Two years after starting the blog which would eventual morph into MotoMatters.com, I felt it was time to quit my job and do this full time. It seemed like the perfect moment to pursue my dream of writing about MotoGP for a living, so I handed in my notice to my erstwhile employer and prepared to strike out on my own. That was late August, 2008.
Two weeks later, on September 15th, Lehman Brothers collapsed, kicking off the Global Financial Crisis which would plunge the world into recession. My timing turned out to be absolutely terrible.
Why am I looking back to 2008? Because the financial crisis sparked by the collapse of the US housing market and the worldwide banking system would have a profound effect on motorcycle racing, and would go on to shape MotoGP as it is today. It would create the conditions where there were six manufacturers racing in MotoGP. It would also reshape the politics of MotoGP to put Dorna in a much stronger position to cope with Suzuki's decision to withdraw from the series.
What will Dorna do and how will they handle Suzuki's withdrawal? To understand their current position, you need to go back to 2008, and the aftermath of that terrible September.
Lessons from history
MotoGP had already been struggling. After the triumph of the fire-breathing 990cc four strokes, culminating in perhaps the most memorable season in the history of grand prix racing when Nicky Hayden pipped Valentino Rossi to the 2006 championship against seemingly impossible odds, the switch to 800cc MotoGP machines had been a disaster.

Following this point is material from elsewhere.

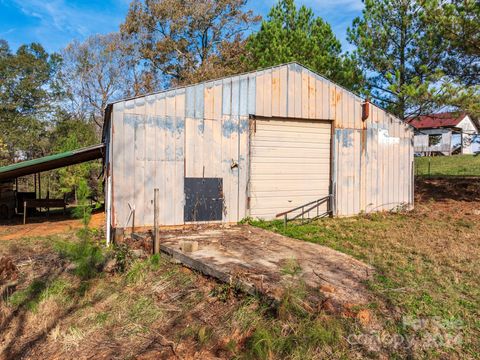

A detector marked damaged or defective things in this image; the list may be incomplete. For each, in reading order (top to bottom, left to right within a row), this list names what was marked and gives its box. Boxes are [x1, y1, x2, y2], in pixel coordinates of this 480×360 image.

rusty metal siding [108, 62, 412, 228]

Ducati had realized that speed would be at a premium, and the factories were engaged in a war of electronics to manage the incredibly peaky engines being built in pursuit of rapidly increasing levels of horsepower. The simultaneous change to tire regulations – tires to be selected before the weekend, playing into Bridgestone's hands by removing Michelin's ability to produce tires tailor-made for the conditions based on Friday practice – had made the racing processional. Costs were spiraling out of control, and interest in the series was waning.
In the immediate aftermath of the financial crisis, MotoGP manufacturers examined their priorities. At the end of 2008, Kawasaki announced they would be pulling out of MotoGP. With the global economy in the state it was at the end of 2008, that was not a surprise. The Japanese factory was spending over €60 million a year for extremely modest results, John Hopkins finishing the year in 16th overall, his teammate Ant West two places behind him.
The Kawasaki withdrawal was a bombshell. But MotoGP came very close to sustaining what would have been a fatal blow at the time. Honda Motor Co held board meetings at the very highest level to discuss its future in motor sports. At that meeting, they decided to pull out of F1. It is said there was a strong push to pull out of MotoGP as well, but, according to rumor at the time, they felt that they needed to be racing motorcycles, as that was in line with the company founder Soichiro Honda's legacy.
That winter proved to be a defining moment in the history of motorcycle racing. MotoGP continued, though in severely diminished form, the field down to 17 bikes in 2011, Suzuki cutting back to a single bike that year, before withdrawing completely the following season. But it also sparked a series of changes which would revolutionize grand prix motorcycling, and create the incredibly healthy grid we have in 2022. It would see the return of 1000cc bikes in the premier class, and the replacing of the 125 and 250cc classes by Moto3 and Moto2.
In many ways, the timing of my decision to quit my safe job was risky. But the advantage was that I got to be in the paddock in one of the most interesting periods of its history, and talk to a lot of the people involved in the changes to the series, to understand their motivations and how and why certain decisions were made. That gives me some perspective on the current state of the series, and how the shock news that Suzuki will be withdrawing from MotoGP at the end of the year.
(As an aside, it is curious that there has still been no official announcement from Suzuki corporate headquarters, neither to confirm nor to deny they are pulling out. Golden Week, the week of holidays in Japan, ended on Wednesday, but Suzuki are yet to issue any kind of official statement at all.)
The withdrawal of Kawasaki and the talks held with the Japanese manufacturers accelerated a series of processes inside Dorna and within MotoGP. Carmelo Ezpeleta had flown to Japan with senior Dorna staff to meet with Kawasaki, and found themselves to be relatively powerless to change the Japanese factory's mind. Threatening them with breach of contract, Dorna extracted a promise by Kawasaki to support a one-rider team for the 2009 season.
That resulted in the birth of the Hayate team, as the remnants of the Kawasaki program put together a one-rider campaign with Marco Melandri, with Andrea Dosoli and Ichiro Yoda leading the team. It proved to be successful, Melandri outperforming the results of the factory Kawasaki team from 2008, but the Hayate team came to an end at Valencia in 2009.
Why had Dorna been unable to prevent Kawasaki from leaving? Since 2002, Dorna had signed five-year contracts with the manufacturers racing in MotoGP, but it was the manufacturers who held the upper hand in negotiations. The contracts were signed with the MSMA as a body, rather than with individual factories. That meant that Dorna could put pressure on the MSMA, but could not deal with factories directly.